## What to do
Working from the top of the listing below, retype each line through the line containing "warm protein pumpkin", both included, with no pictures.

## Task input

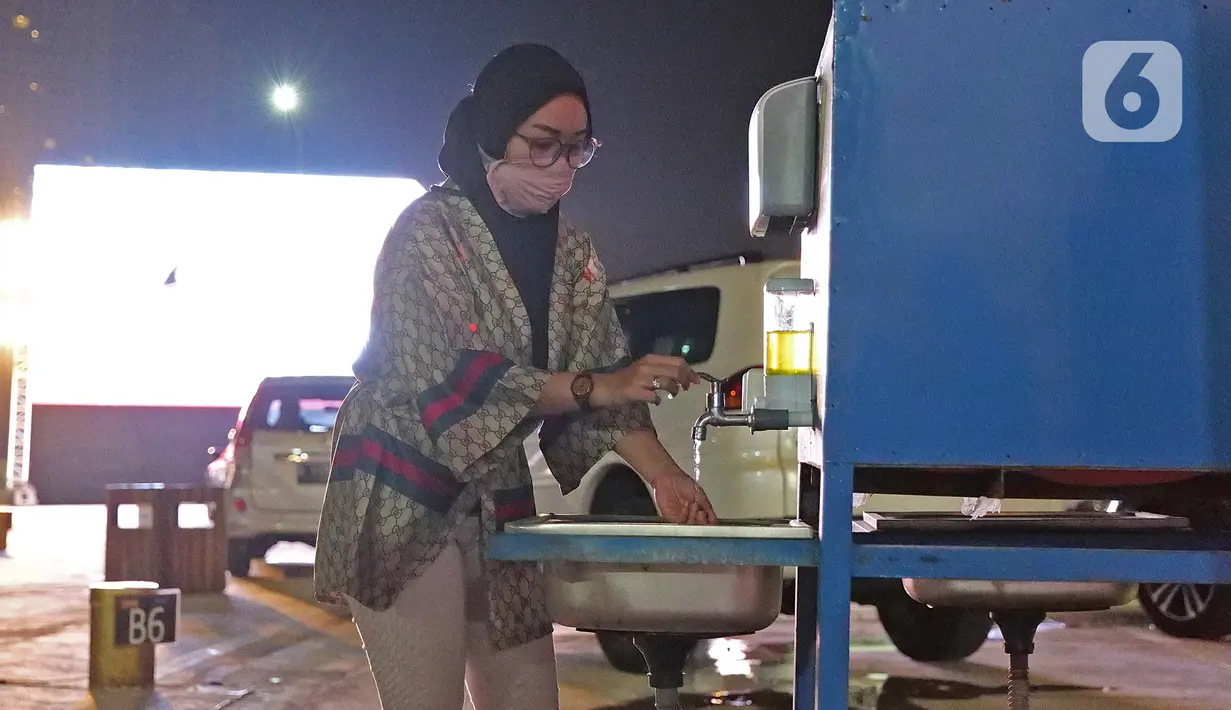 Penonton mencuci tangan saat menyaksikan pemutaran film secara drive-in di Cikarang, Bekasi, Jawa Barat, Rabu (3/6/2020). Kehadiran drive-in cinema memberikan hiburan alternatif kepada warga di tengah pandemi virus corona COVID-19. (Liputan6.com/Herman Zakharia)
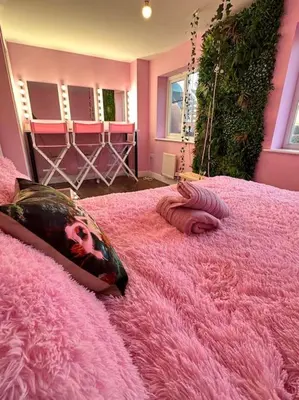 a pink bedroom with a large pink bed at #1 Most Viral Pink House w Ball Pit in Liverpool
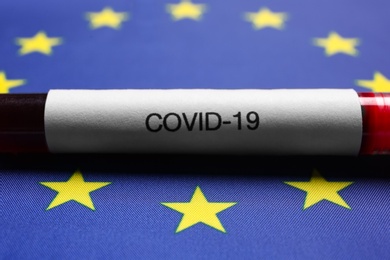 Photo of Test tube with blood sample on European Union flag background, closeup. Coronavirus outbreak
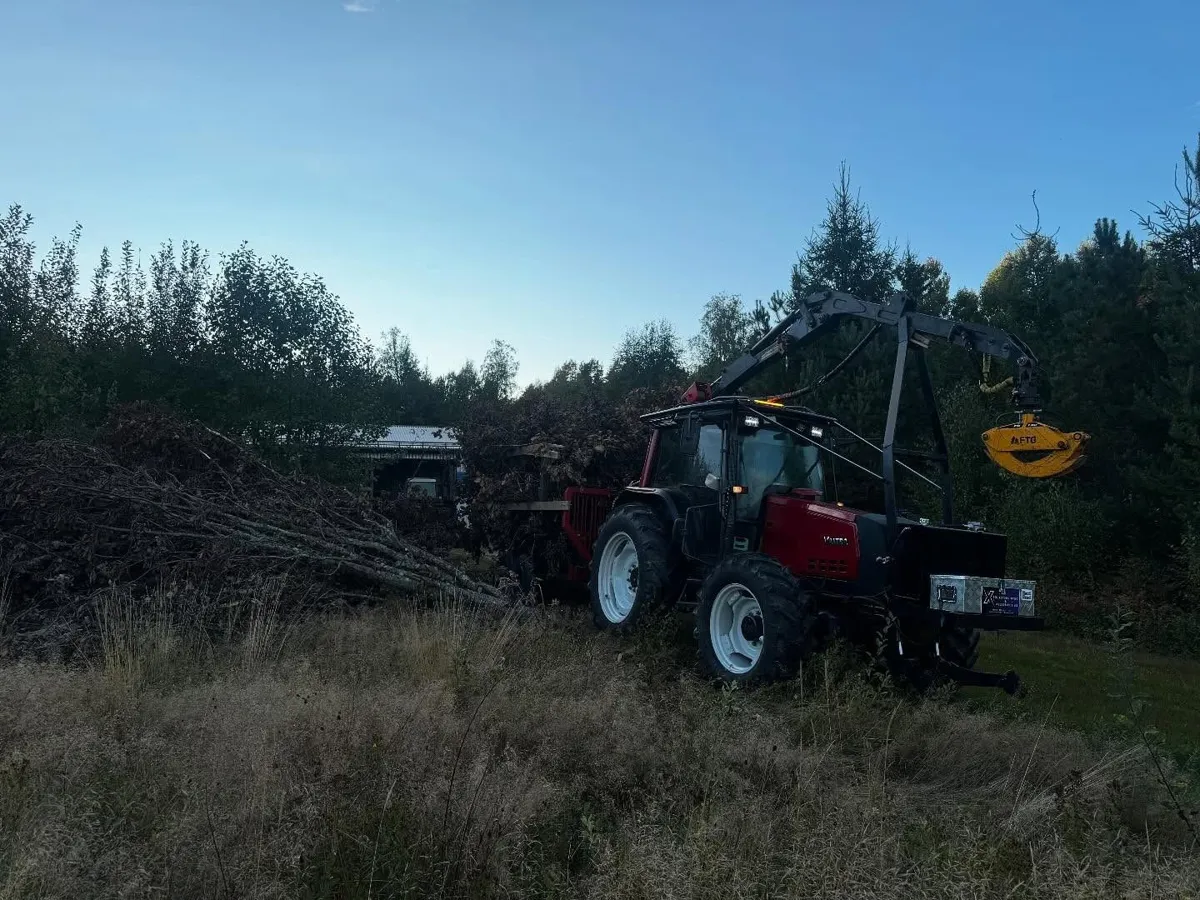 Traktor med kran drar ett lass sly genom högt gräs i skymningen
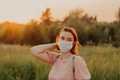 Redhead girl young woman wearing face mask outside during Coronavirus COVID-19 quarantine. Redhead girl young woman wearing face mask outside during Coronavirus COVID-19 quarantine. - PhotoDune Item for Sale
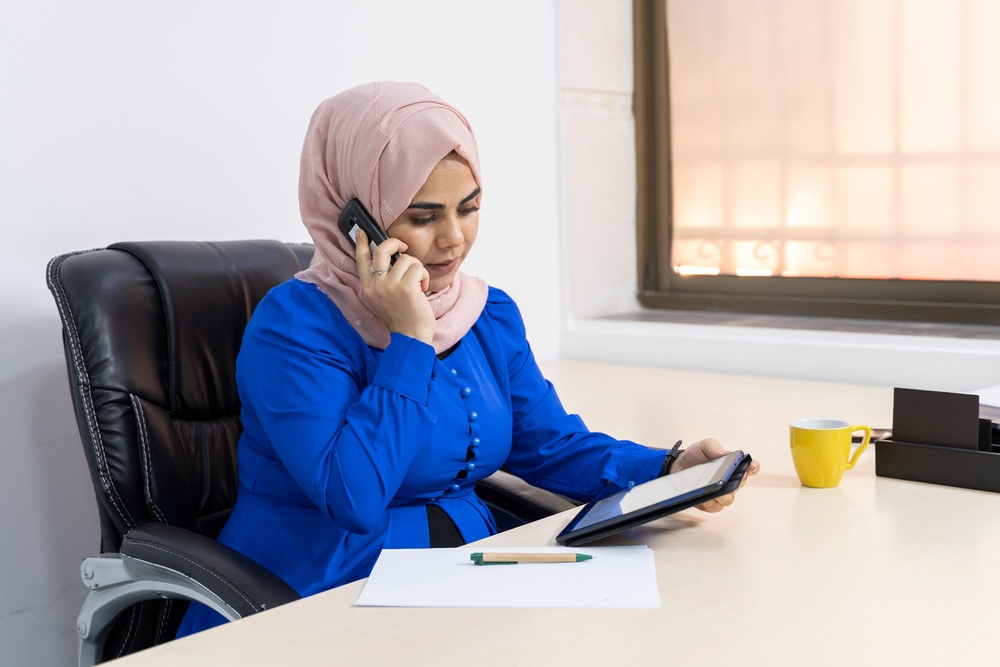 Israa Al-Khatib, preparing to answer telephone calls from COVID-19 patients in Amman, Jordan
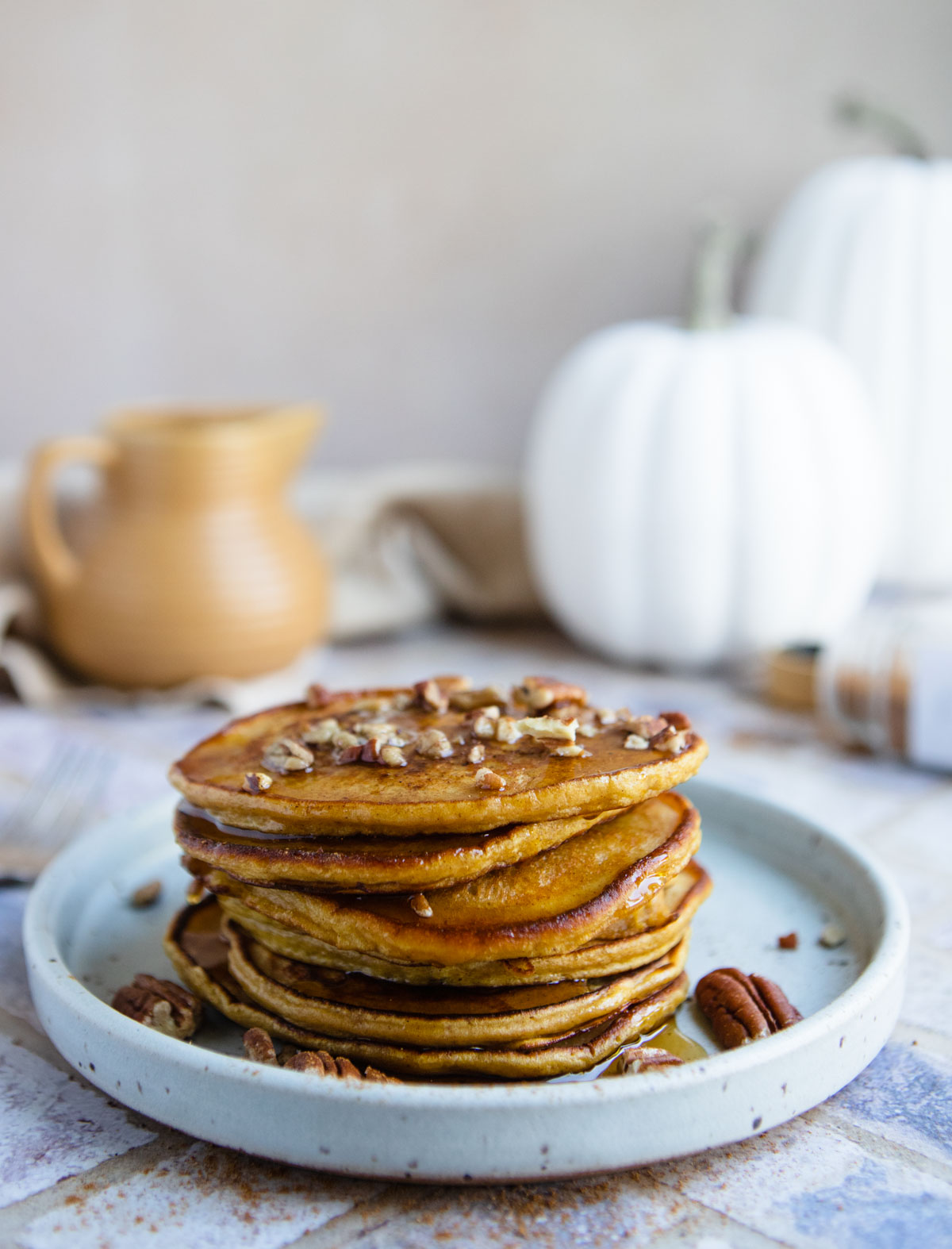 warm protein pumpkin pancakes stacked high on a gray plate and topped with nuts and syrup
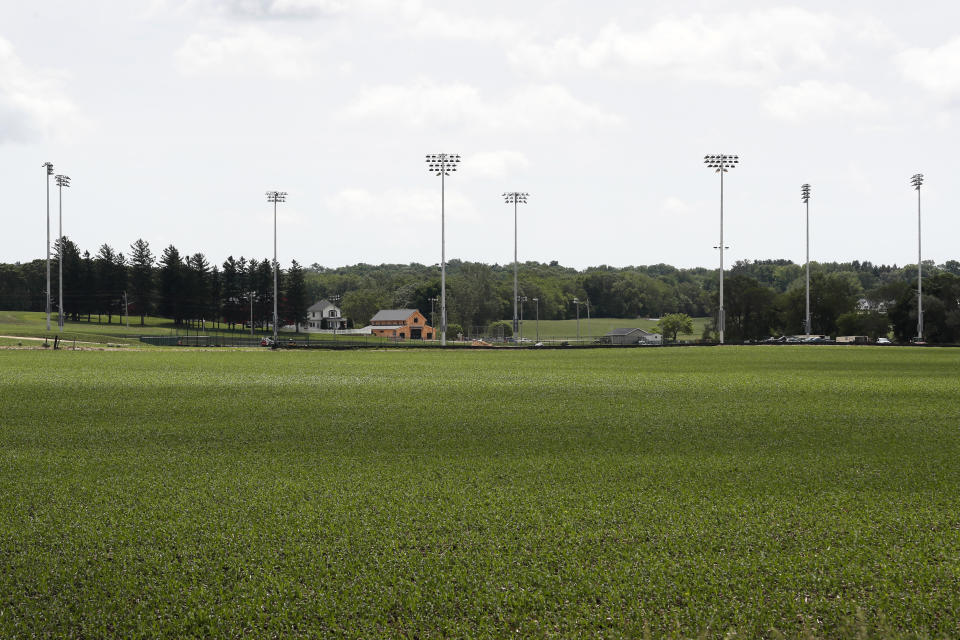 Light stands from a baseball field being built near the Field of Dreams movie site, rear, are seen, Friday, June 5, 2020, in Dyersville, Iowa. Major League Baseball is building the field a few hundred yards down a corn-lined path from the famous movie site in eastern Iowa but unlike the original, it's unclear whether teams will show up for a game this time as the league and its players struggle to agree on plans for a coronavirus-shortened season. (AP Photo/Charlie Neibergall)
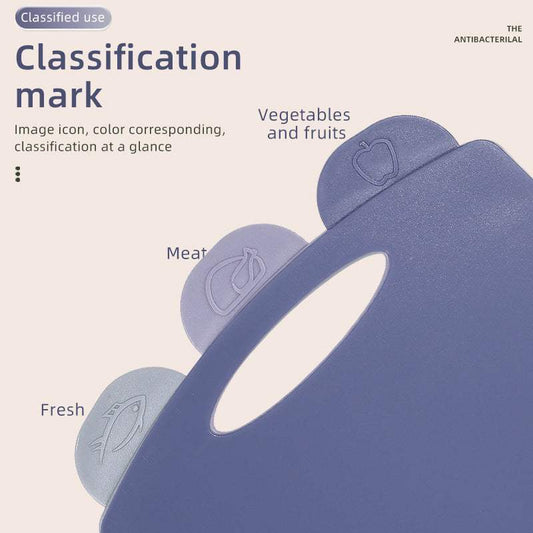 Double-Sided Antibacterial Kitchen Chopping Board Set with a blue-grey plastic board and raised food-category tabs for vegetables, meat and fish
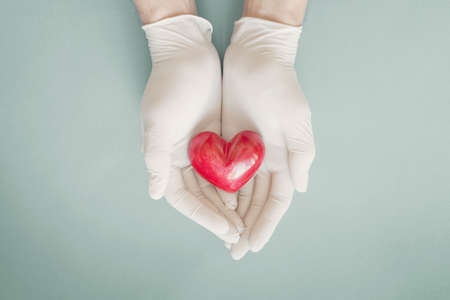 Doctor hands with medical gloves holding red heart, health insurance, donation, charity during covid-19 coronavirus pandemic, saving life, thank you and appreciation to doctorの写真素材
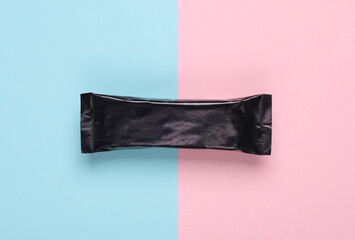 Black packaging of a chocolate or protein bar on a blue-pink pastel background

## Response to the task
 Penonton mencuci tangan saat menyaksikan pemutaran film secara drive-in di Cikarang, Bekasi, Jawa Barat, Rabu (3/6/2020). Kehadiran drive-in cinema memberikan hiburan alternatif kepada warga di tengah pandemi virus corona COVID-19. (Liputan6.com/Herman Zakharia)
 a pink bedroom with a large pink bed at #1 Most Viral Pink House w Ball Pit in Liverpool
 Photo of Test tube with blood sample on European Union flag background, closeup. Coronavirus outbreak
 Traktor med kran drar ett lass sly genom högt gräs i skymningen
 Redhead girl young woman wearing face mask outside during Coronavirus COVID-19 quarantine. Redhead girl young woman wearing face mask outside during Coronavirus COVID-19 quarantine. - PhotoDune Item for Sale
 Israa Al-Khatib, preparing to answer telephone calls from COVID-19 patients in Amman, Jordan
 warm protein pumpkin pancakes stacked high on a gray plate and topped with nuts and syrup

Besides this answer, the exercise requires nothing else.